Maybe you are right... if you mentioned my mental age ;)




> Korean history has about 1 generation of Japanese colonisation, for more than 30 years. There are a tribe of people born during this period, and many have Japanese parents, put aside the spies and the Secret Service people. These people do not simply disappear out of the social fabric, they grow along with the rest of the people in the whole nation. They are the ones who will faction the nation in whatever decision, policy or direction the leaders take. Sometimes they form the majority in the Senate and the Government.

 

I don' t agree with you on the point that there is such a trabe in Korea ... actually it sounds even funny to me. Through the past 38 years (yes, I'm 38), I've never heard about that and I think, even though there must have been not a little of that race before the independance, it is unlikely that they had been brought up to be leaders even after the independance. As I mentioned previously, those are mostly the decendants of betrayors of the colonial era or those who gave in the power of betrayors.





> ....subjection. I have observed my Korean colleagues and the Japanese when they meet and talk in conversations and their body language. Japanese still holds low esteem of the Koreans in everything, they consider the language as inferior and attempted to destroy the Korean tongue to replace with the Katakana , the Hiragana and the Kanji during the thirty over years when they were the colonial masters. Even the Japanese Yen is 10 times stronger than the Korean Won. They consider the Korean technology inferior, the people poor.

 

Every race has that racism and we also look down on the Japanese adn their culture something, though we respect their idustrial superiority... and above all I can hardly acknowledge that their language is superior to ours. They can't even pronounce those words with the 'finals'.

 

HC





01 Sep 2008 01:25
Post 13 of 42
Choy,


During the Korean war, there were ups and downs of the United Nation's forces and the North Korean forces with the aid of the Russian.

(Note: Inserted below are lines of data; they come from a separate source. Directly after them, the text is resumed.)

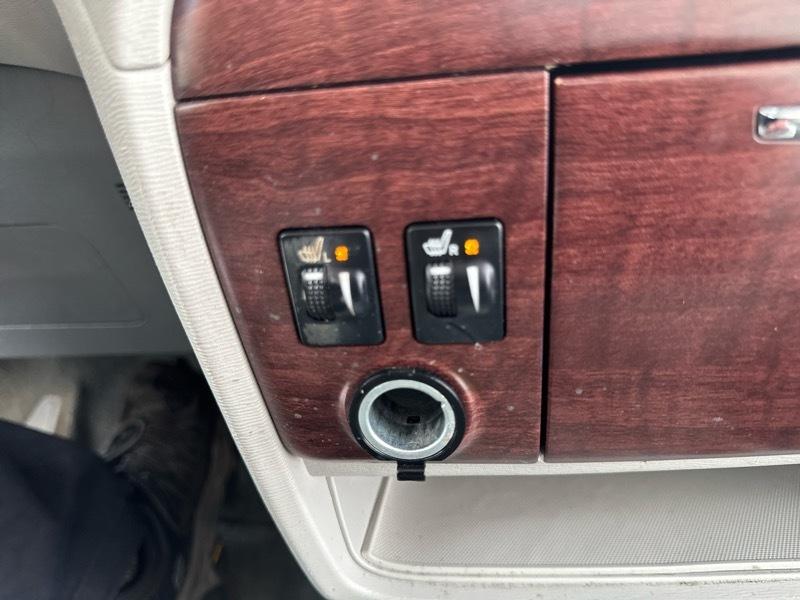 Toyota Sienna XLE FWD 8-Passenger V6 2014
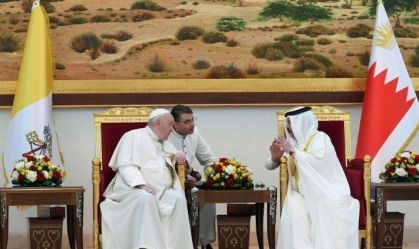 Papa Francisco encerrou sua viagem neste domingo (6)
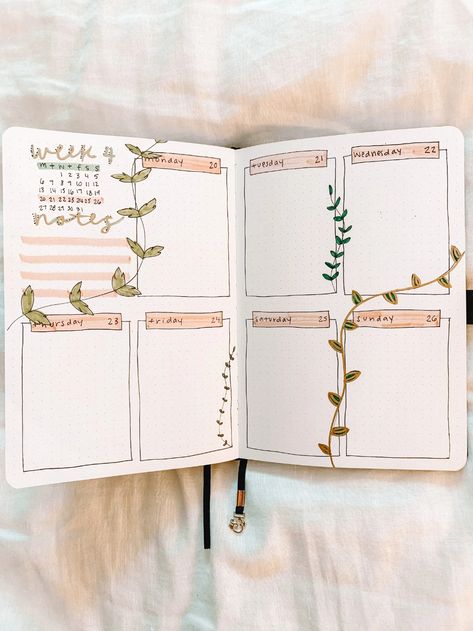 Grid Journal Ideas, Dot Grid Journal Ideas, Bullet Journal Daily Layout, Yearly Spread Bullet Journal, Bullet Journal Leaves, May Weekly Spread Bullet Journal, August Bullet Journal Weekly Spread, Bullet Journal Daily Spread, Bullet Journal Kalender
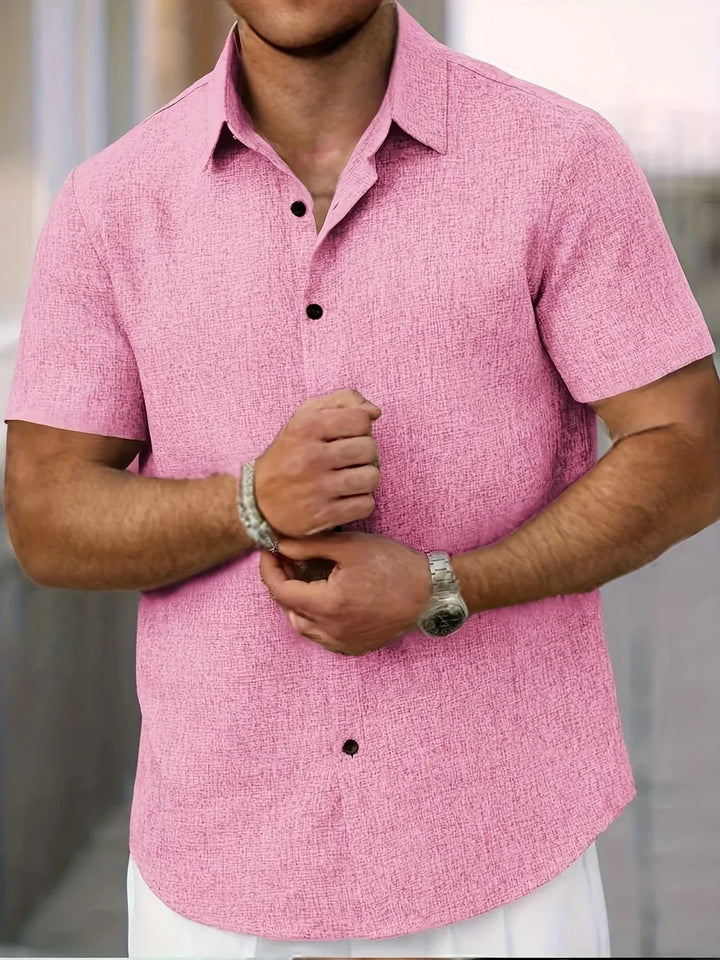 Leichtes Kurzarmhemd für Herren, modern & vielseitig für jede Sommergarderobe.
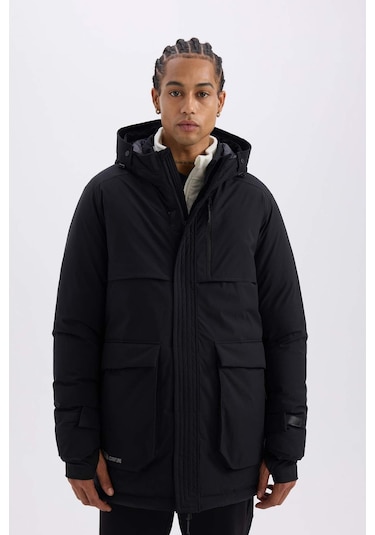 DeFactoFit Su İtici Regular Fit Kapüşonlu Su Geçirmez Parka C6065AX24WNBK81 DeFactoFit Su İtici Regular Fit Kapüşonlu Su Geçirmez Parka C6065AX24WNBK81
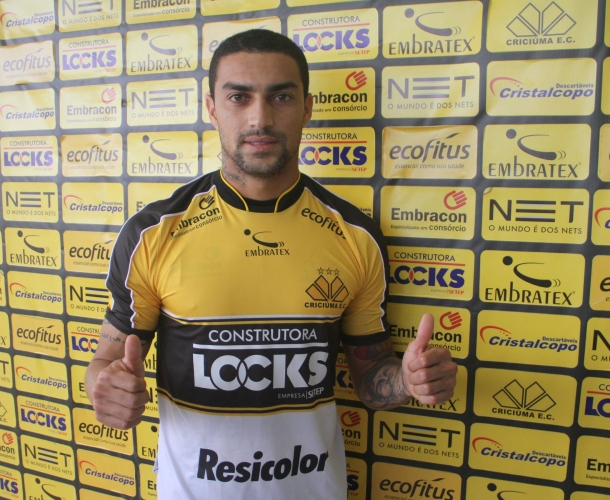 Lateral direito é apresentado oficialmente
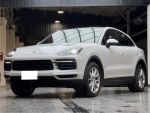 Porsche Cayenne Coupe 全景天...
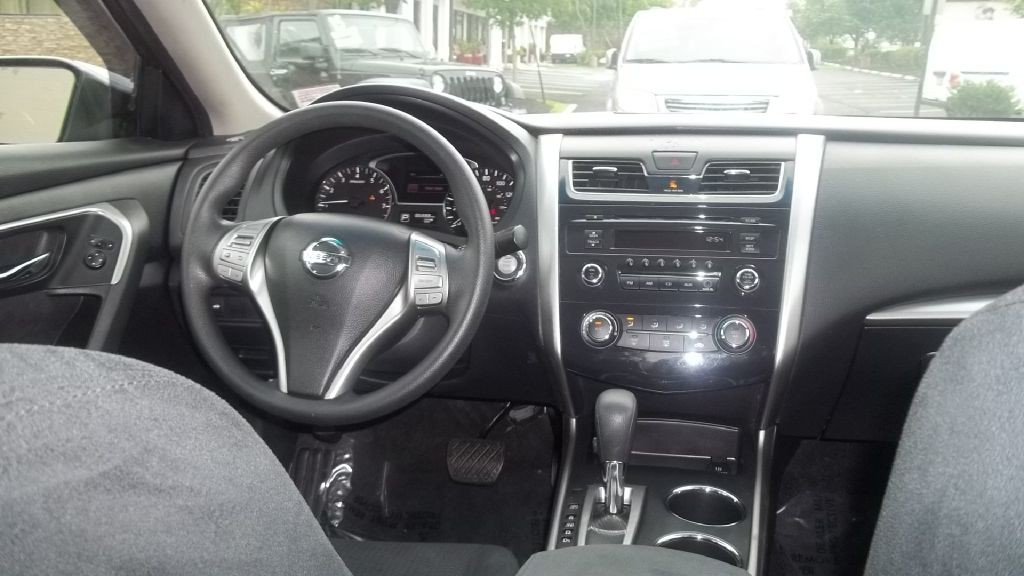 2015 Nissan Altima Image 10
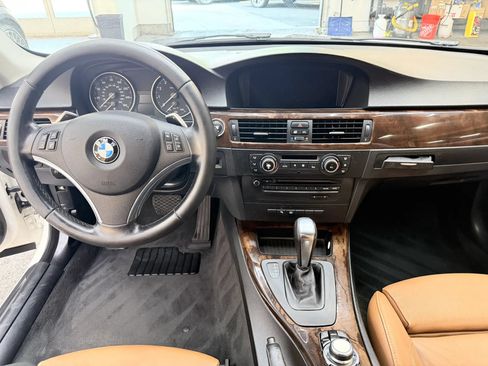 Used 2011 BMW 335i Coupe RWD image 12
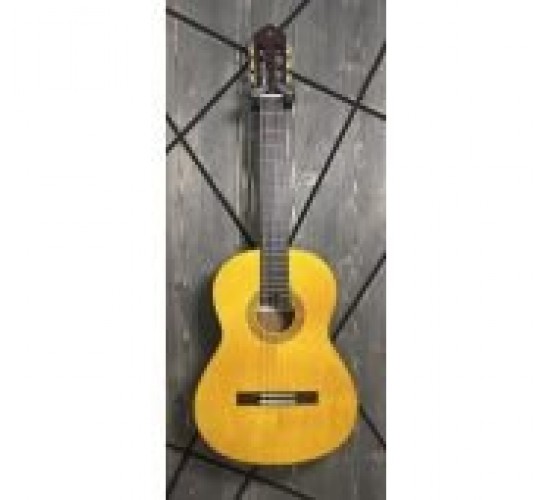 Yamaha CG142S классическая гитара USED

There were two events when Seoul was the North over ran Seoul, then the US forces had enough forces to attack from Incheon and drove the Northerners back. However MacArthur did not stopped after the Han River, and Pyongyang, he went further up to the Chinese borders and aroused the Chinese to give them back with their rockets and howitzers.


Then the people fled back towards South, across the Han River, and Seoul was captured for the second time. But during these times, hundreds and thousands of North Koreans were amongst the refugees, some of them were spies without their military uniforms, and many of them were the ordinary people least suspected of being spies for the North. They mingled among the local people, speak the same language and look the same. These are the radical groups.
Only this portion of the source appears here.